Développement immobilier à Montréal
Plus le Plateau est IN plus les locataires sont OUT
par Simon Dumais
Sur le front de lutte pour le droit au logement, les locataires et les mal-logées du Grand Plateau sont véritablement frappés par plusieurs aspects de la crise du logement et subissent les conséquences négatives du type de développement : la gentrification. Pour remédier à la situation, les groupes du quartier œuvrant dans le domaine de l’habitation ont développé la lutte pour le logement social avec des moyens d’action non seulement traditionnels mais aussi originaux.
Depuis 1999, le coût du loyer a augmenté d’environ 30 %. Il arrive fréquemment que les locataires subissent des augmentations de 30 $, 50 $ ou plus par mois. Dans le quartier, il n’est pas rare d’observer des logements à 1 200 $ ou même 1 500 $ par mois.
Pour les locataires, il est de plus en plus difficile de payer le logement. Selon le recensement de Statistique Canada de 2000, environ 5 ménages locataires sur 10 (20 771) consacrent le quart de leurs revenus à se loger.

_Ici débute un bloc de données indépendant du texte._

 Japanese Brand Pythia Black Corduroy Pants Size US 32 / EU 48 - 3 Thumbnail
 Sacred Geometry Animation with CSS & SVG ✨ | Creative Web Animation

De ce nombre, 4 ménages locataires sur 10 déboursent le tiers et 9 060 , soit 21 %, engloutissent plus de la moitié de leurs revenus pour se loger. Cela devient de plus en plus intolérable lorsque les mal-logées doivent choisir entre payer le loyer, la bouffe ou les médicaments.
Le contexte profite aux propriétaires, qu’ils soient occupants ou possédant plusieurs logements (pour ne nommer que COGIR : cette entreprise possède plus de 1 000 logements à Montréal). Il se génère plus de 30 millions de dollars sur le territoire du Grand Plateau.

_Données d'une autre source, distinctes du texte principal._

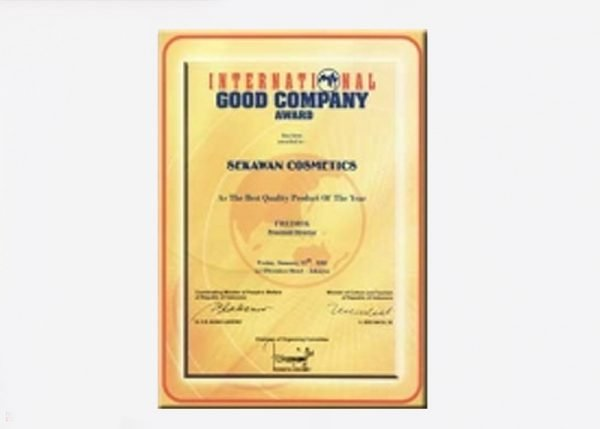 International Good Company Award 2010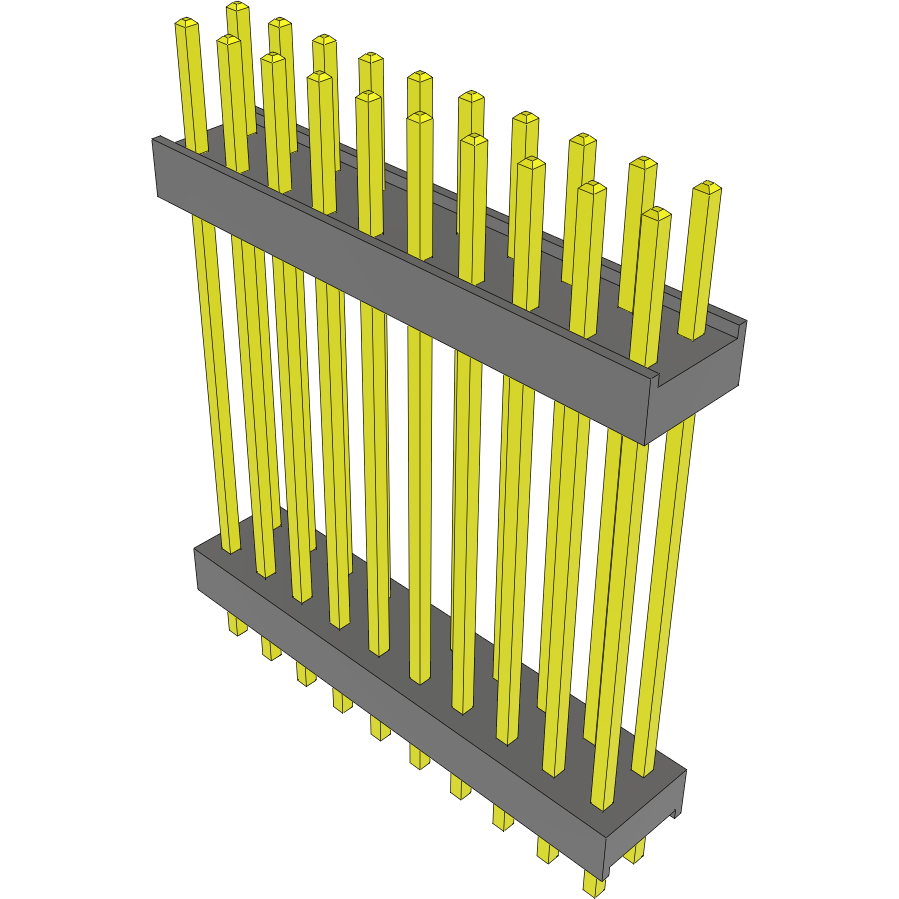 Samtec-DW-10-13-S-D-925 连接器插头及 PCB 插座 Conn Board Stacker HDR 20 POS 2.54mm Solder ST Top Entry Thru-Hole Bulk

En lien avec la problématique des hausses de loyers, plus de 500 ménages (selon les données du Comité Logement du Plateau Mont-Royal) ont subi une reprise du logement au cours des quatre dernières années. Tout comme les hausses de loyers, cette tendance lourde s’inscrit dans le type de développement résidentiel sur le Grand Plateau. Les propriétaires chassent des locataires à faible et modeste revenu pour les remplacer par des locataires à revenu moyen ou élevé.

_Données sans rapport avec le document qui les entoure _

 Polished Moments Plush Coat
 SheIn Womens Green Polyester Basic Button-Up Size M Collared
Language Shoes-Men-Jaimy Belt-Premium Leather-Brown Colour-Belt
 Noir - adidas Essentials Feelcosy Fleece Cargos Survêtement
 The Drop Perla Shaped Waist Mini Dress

Cette pratique s’inscrit dans le processus de gentrification que subit le Plateau depuis plusieurs années, notamment par la construction de condos. Si on veut apprécier la taille actuelle du parc de condos dans le Grand Plateau, il est à noter que sur un total de 18 361 immeubles résidentiels que compte l’arrondissement, en 2004, les condos totalisent 8 000 immeubles, soit 44 % de l’ensemble. Et la tendance à construire toujours plus de condos ne semble pas s’inverser. Sur un total de 507 mises en chantier d’immeubles résidentiels dans le Plateau, pour la période 2000-2002, 498 étaient pour des condos.
Pour lutter contre ce type de développement, les locataires n’ont pas le choix de passer à l’offensive. En effet, une trentaine de militantes ont fait signer une pétition réclamant la construction d’au moins 500 logements sociaux à plus de 10 000 personnes en quelques jours à peine. L’automne prochain, les locataires et les organismes communautaires du Grand Plateau érigeront un camp de requérantes de logement social pour mettre en lumière non seulement les besoins mais également la situation de la crise.
Bien que modestes, les moyens d’actions ne visent qu’à atténuer les conséquences d’une crise beaucoup plus profonde. En effet, la gentrification du quartier avec ses conséquences ne peut être « stoppée » que si l’ensemble des locataires et des intervenantes communautaires mènent une lutte sans merci contre la construction de condos et identifient le marché privé et l’État comme les responsables de cette situation. Mais cette lutte doit également impliquer tous les quartiers et les groupes de locataires de Montréal qui sont visés par ce développement.
En effet, une lutte pour la défense des droits des locataires pour le logement social ne peut faire l’économie d’une lutte anti-gentrification partout à Montréal.